* MATERIAL PROVIDED *
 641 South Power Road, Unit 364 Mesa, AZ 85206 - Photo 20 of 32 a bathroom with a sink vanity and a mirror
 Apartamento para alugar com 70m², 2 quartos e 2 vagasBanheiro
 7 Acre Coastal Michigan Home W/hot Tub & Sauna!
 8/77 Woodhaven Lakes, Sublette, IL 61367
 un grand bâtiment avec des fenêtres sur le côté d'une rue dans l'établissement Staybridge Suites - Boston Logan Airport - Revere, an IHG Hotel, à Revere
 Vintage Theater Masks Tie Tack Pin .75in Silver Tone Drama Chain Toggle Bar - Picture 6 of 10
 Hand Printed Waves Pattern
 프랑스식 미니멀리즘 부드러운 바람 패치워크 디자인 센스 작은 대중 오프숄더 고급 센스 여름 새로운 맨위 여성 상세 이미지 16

* TASK STATEMENT *
Retype each line above with no alterations.

* COMPLETED TASK *
 641 South Power Road, Unit 364 Mesa, AZ 85206 - Photo 20 of 32 a bathroom with a sink vanity and a mirror
 Apartamento para alugar com 70m², 2 quartos e 2 vagasBanheiro
 7 Acre Coastal Michigan Home W/hot Tub & Sauna!
 8/77 Woodhaven Lakes, Sublette, IL 61367
 un grand bâtiment avec des fenêtres sur le côté d'une rue dans l'établissement Staybridge Suites - Boston Logan Airport - Revere, an IHG Hotel, à Revere
 Vintage Theater Masks Tie Tack Pin .75in Silver Tone Drama Chain Toggle Bar - Picture 6 of 10
 Hand Printed Waves Pattern
 프랑스식 미니멀리즘 부드러운 바람 패치워크 디자인 센스 작은 대중 오프숄더 고급 센스 여름 새로운 맨위 여성 상세 이미지 16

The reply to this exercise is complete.